Although sarcomas are a relatively uncommon group of malignancies, the last few years have brought advances in the understanding of the pathology, clinical behavior and the treatment of this heterogeneous group of tumors. Pazopanib is a Tyrosine Kinase Inhibitor that has been approved by the FDA in 2009 for use in soft tissue sacromas (STS). A few international studies have demonstrated the efficacy of Pazopanib administered following chemotherapy failure in STS, and no data exists concerning its efficacy in developing countries such as Lebanon. This study aims to conduct a retrospective analysis of patterns of Pazopanib treatment and its efficacy, as well as the STS subtypes most susceptible to Pazopanib treatment, at a single tertiary healthcare center in Lebanon, a developing country with available multidisciplinary treatment modalities.   

All patients 18 years and above STS patients diagnosed and treated with Pazopanib or chemotherapy as a second- or third-line treatment at the AUBMC between 2010-2015 are included. 

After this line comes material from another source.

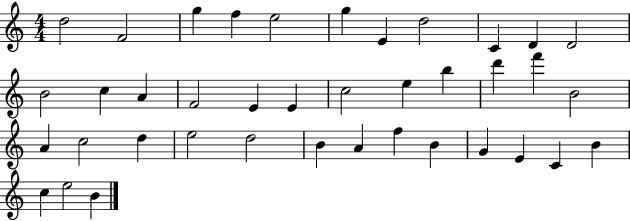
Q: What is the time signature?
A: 4/4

All patients 18 years and above STS patients diagnosed and treated with Pazopanib or chemotherapy as a second- or third-line treatment at the AUBMC between 2010-2015 are included. Baseline demographics, pathological data, and survival data of each patient will be collected from the medical records. Sample size expected is around 175 patients diagnosed between 2010 and 2015, with 20-30 cases diagnosed per year.